Limitations of product GHG inventories

  1. Understanding Product Impact: The Product Standard is like a tool that helps companies understand how much a product contributes to climate change. It looks at all the emissions (greenhouse gases like carbon dioxide) that happen from the beginning (making the product) to the end (disposing of the product).
  1. Simplicity of GHG Focus: The good thing is, by just focusing on greenhouse gases, the analysis becomes simpler. The results are easier to share and explain to people who want to know how much a product adds to climate change.
  1. Limitation of GHG-Only Approach: The downside is that by only looking at greenhouse gases, you might miss other ways a product affects the environment. For example, some products might harm ecosystems, use up a lot of resources, contribute to ozone depletion, or even negatively impact human health.
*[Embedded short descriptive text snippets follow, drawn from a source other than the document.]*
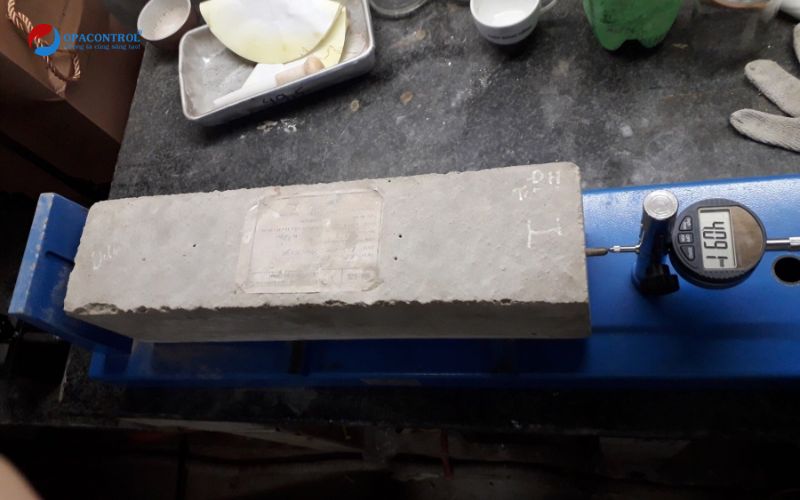 Thiết bịn xác định độ co ngót bê tông 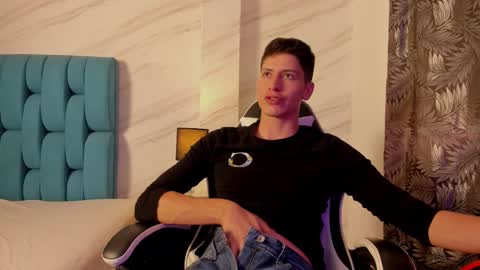 Tyler online show from 10, 10, 2025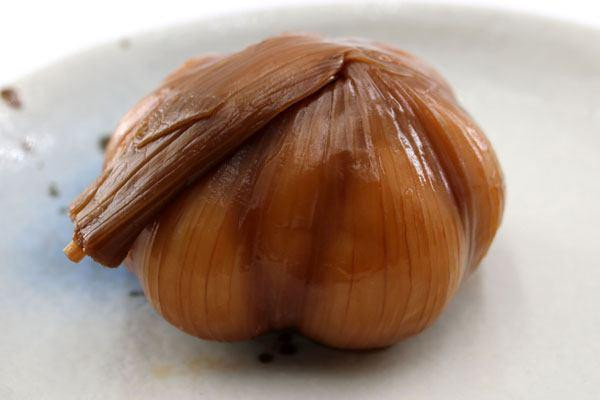 大蒜生吃的功效是什么 大蒜生吃的作用 大蒜生吃的功效是什么 大蒜生吃的作用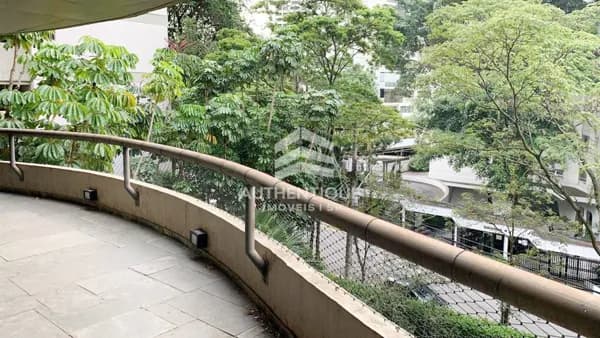 Apartamento em São Paulo - Real Parque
  1. Don’t Judge Overall Performance: It’s important to note that the results from this GHG-only analysis shouldn’t be used to say how good or bad a product is for the overall environment. Other environmental impacts, besides greenhouse gases, should also be considered when making decisions to reduce emissions based on the analysis.
  1. Room for Other Environmental Impacts: Even though this standard focuses on greenhouse gases, the steps and methods it provides can be used to collect data for other environmental impacts too. Companies can choose to include information about these other impacts along with their greenhouse gas inventory using the same processes.